Extracted data entries:
____________
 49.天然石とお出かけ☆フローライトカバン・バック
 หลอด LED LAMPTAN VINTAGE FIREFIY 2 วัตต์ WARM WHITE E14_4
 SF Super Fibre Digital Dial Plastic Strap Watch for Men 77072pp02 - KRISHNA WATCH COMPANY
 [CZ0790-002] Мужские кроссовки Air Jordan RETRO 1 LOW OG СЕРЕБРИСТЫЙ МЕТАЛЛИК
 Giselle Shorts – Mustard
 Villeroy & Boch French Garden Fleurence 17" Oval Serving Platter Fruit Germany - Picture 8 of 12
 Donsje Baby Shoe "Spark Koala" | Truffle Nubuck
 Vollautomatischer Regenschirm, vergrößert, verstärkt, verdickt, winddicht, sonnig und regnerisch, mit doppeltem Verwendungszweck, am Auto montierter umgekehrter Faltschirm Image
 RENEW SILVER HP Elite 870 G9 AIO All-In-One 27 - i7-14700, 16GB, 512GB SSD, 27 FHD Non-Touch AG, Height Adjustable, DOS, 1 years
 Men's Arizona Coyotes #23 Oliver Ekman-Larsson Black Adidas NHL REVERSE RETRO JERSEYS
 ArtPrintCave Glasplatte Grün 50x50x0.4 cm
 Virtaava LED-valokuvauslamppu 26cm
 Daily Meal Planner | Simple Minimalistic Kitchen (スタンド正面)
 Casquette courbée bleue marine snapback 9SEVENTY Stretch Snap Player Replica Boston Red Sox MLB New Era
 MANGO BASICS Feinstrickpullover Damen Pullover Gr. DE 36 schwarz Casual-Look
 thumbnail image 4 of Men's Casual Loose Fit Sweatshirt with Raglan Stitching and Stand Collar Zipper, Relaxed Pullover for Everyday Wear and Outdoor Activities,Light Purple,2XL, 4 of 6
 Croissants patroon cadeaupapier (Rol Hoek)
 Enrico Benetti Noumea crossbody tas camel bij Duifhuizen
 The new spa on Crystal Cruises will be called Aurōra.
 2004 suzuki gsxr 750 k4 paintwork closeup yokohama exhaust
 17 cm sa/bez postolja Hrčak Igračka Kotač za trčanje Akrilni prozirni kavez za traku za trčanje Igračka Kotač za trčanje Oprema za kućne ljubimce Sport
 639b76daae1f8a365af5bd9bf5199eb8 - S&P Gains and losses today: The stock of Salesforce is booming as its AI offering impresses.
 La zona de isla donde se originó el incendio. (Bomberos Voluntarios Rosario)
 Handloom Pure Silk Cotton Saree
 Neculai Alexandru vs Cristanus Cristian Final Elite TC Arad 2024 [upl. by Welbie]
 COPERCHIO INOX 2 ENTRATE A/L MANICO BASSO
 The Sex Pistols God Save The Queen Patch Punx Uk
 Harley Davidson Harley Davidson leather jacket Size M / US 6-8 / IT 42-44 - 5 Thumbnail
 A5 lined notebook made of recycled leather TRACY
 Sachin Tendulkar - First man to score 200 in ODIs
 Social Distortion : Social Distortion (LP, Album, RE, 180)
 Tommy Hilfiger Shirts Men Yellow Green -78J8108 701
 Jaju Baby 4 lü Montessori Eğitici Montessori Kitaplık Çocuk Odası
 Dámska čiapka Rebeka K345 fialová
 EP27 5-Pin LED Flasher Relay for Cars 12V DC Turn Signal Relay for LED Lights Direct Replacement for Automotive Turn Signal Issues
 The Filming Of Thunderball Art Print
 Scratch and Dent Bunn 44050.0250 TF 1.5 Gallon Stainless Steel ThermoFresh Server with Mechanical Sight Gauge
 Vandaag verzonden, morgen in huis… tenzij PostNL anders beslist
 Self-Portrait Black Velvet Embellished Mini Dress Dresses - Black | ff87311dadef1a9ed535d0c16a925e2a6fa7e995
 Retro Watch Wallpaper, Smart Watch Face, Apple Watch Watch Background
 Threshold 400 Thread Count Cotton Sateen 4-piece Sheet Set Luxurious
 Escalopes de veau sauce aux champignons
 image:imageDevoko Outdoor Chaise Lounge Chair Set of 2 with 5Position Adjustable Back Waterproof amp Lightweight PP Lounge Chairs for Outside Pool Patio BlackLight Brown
____________
◆ What to work on ◆
Repeat the data. Every word must match.

◆ Solution to the problem ◆
 49.天然石とお出かけ☆フローライトカバン・バック
 หลอด LED LAMPTAN VINTAGE FIREFIY 2 วัตต์ WARM WHITE E14_4
 SF Super Fibre Digital Dial Plastic Strap Watch for Men 77072pp02 - KRISHNA WATCH COMPANY
 [CZ0790-002] Мужские кроссовки Air Jordan RETRO 1 LOW OG СЕРЕБРИСТЫЙ МЕТАЛЛИК
 Giselle Shorts – Mustard
 Villeroy & Boch French Garden Fleurence 17" Oval Serving Platter Fruit Germany - Picture 8 of 12
 Donsje Baby Shoe "Spark Koala" | Truffle Nubuck
 Vollautomatischer Regenschirm, vergrößert, verstärkt, verdickt, winddicht, sonnig und regnerisch, mit doppeltem Verwendungszweck, am Auto montierter umgekehrter Faltschirm Image
 RENEW SILVER HP Elite 870 G9 AIO All-In-One 27 - i7-14700, 16GB, 512GB SSD, 27 FHD Non-Touch AG, Height Adjustable, DOS, 1 years
 Men's Arizona Coyotes #23 Oliver Ekman-Larsson Black Adidas NHL REVERSE RETRO JERSEYS
 ArtPrintCave Glasplatte Grün 50x50x0.4 cm
 Virtaava LED-valokuvauslamppu 26cm
 Daily Meal Planner | Simple Minimalistic Kitchen (スタンド正面)
 Casquette courbée bleue marine snapback 9SEVENTY Stretch Snap Player Replica Boston Red Sox MLB New Era
 MANGO BASICS Feinstrickpullover Damen Pullover Gr. DE 36 schwarz Casual-Look
 thumbnail image 4 of Men's Casual Loose Fit Sweatshirt with Raglan Stitching and Stand Collar Zipper, Relaxed Pullover for Everyday Wear and Outdoor Activities,Light Purple,2XL, 4 of 6
 Croissants patroon cadeaupapier (Rol Hoek)
 Enrico Benetti Noumea crossbody tas camel bij Duifhuizen
 The new spa on Crystal Cruises will be called Aurōra.
 2004 suzuki gsxr 750 k4 paintwork closeup yokohama exhaust
 17 cm sa/bez postolja Hrčak Igračka Kotač za trčanje Akrilni prozirni kavez za traku za trčanje Igračka Kotač za trčanje Oprema za kućne ljubimce Sport
 639b76daae1f8a365af5bd9bf5199eb8 - S&P Gains and losses today: The stock of Salesforce is booming as its AI offering impresses.
 La zona de isla donde se originó el incendio. (Bomberos Voluntarios Rosario)
 Handloom Pure Silk Cotton Saree
 Neculai Alexandru vs Cristanus Cristian Final Elite TC Arad 2024 [upl. by Welbie]
 COPERCHIO INOX 2 ENTRATE A/L MANICO BASSO
 The Sex Pistols God Save The Queen Patch Punx Uk
 Harley Davidson Harley Davidson leather jacket Size M / US 6-8 / IT 42-44 - 5 Thumbnail
 A5 lined notebook made of recycled leather TRACY
 Sachin Tendulkar - First man to score 200 in ODIs
 Social Distortion : Social Distortion (LP, Album, RE, 180)
 Tommy Hilfiger Shirts Men Yellow Green -78J8108 701
 Jaju Baby 4 lü Montessori Eğitici Montessori Kitaplık Çocuk Odası
 Dámska čiapka Rebeka K345 fialová
 EP27 5-Pin LED Flasher Relay for Cars 12V DC Turn Signal Relay for LED Lights Direct Replacement for Automotive Turn Signal Issues
 The Filming Of Thunderball Art Print
 Scratch and Dent Bunn 44050.0250 TF 1.5 Gallon Stainless Steel ThermoFresh Server with Mechanical Sight Gauge
 Vandaag verzonden, morgen in huis… tenzij PostNL anders beslist
 Self-Portrait Black Velvet Embellished Mini Dress Dresses - Black | ff87311dadef1a9ed535d0c16a925e2a6fa7e995
 Retro Watch Wallpaper, Smart Watch Face, Apple Watch Watch Background
 Threshold 400 Thread Count Cotton Sateen 4-piece Sheet Set Luxurious
 Escalopes de veau sauce aux champignons
 image:imageDevoko Outdoor Chaise Lounge Chair Set of 2 with 5Position Adjustable Back Waterproof amp Lightweight PP Lounge Chairs for Outside Pool Patio BlackLight Brown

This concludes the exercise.